## Scraped caption text data:
====================
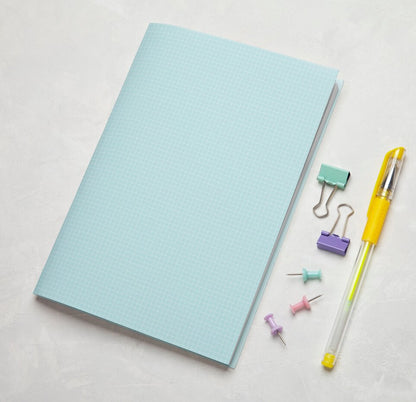 Masterpiece Design - Little Project Notebook Graph Pages Blue (A5)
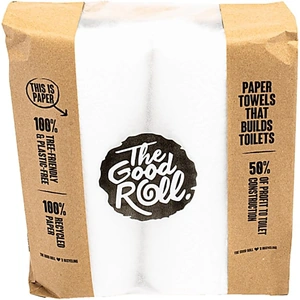 The Good Roll Wrapless Kitchen Towels (2 rolls)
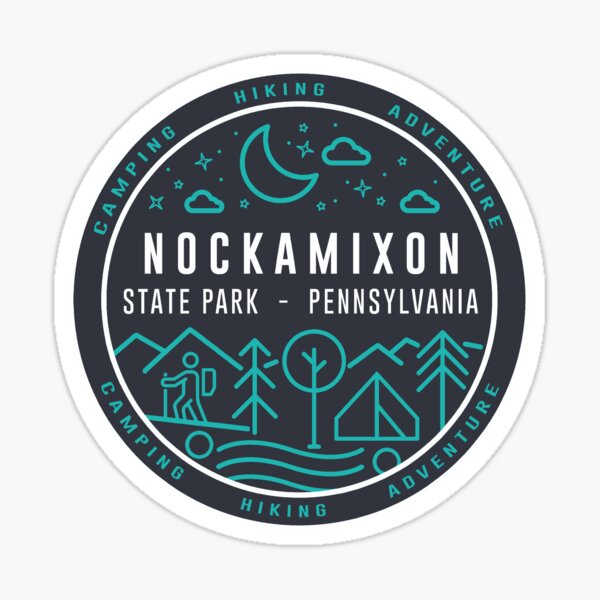 Item preview, Nockamixon State Park Hipster Logo designed and sold by VanyaKar.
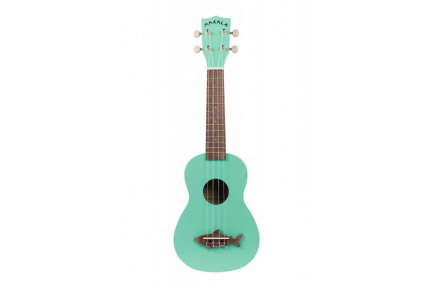 Укулеле KALA MAKALA SHARK SOPRANO SURF GREEN UKULELE 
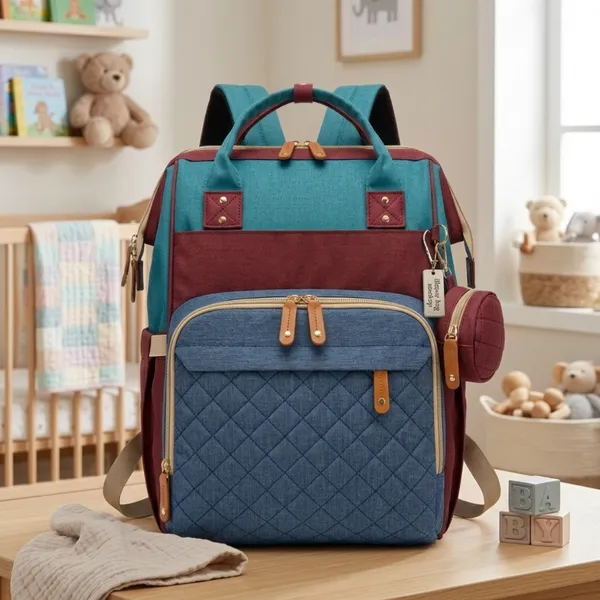 NikkiPuchu_Nestpack_Teal_Multi_Pocket_Baby_Backpack_For_Parents_B-69-Blue_green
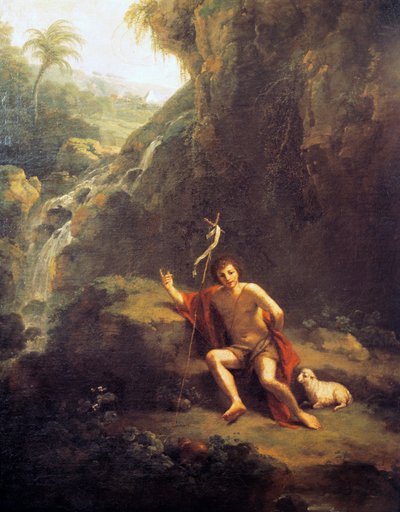 Landschaft mit Johannes dem Täufer von Francesco Zuccarelli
====================
## Work order:
The answer must be an exact copy of the lines from the one with "The Good Roll" through the final line above, both ends included, and nothing else; pictures stay out.

## Your solution:
 The Good Roll Wrapless Kitchen Towels (2 rolls)
 Item preview, Nockamixon State Park Hipster Logo designed and sold by VanyaKar.
 Укулеле KALA MAKALA SHARK SOPRANO SURF GREEN UKULELE 
 NikkiPuchu_Nestpack_Teal_Multi_Pocket_Baby_Backpack_For_Parents_B-69-Blue_green
 Landschaft mit Johannes dem Täufer von Francesco Zuccarelli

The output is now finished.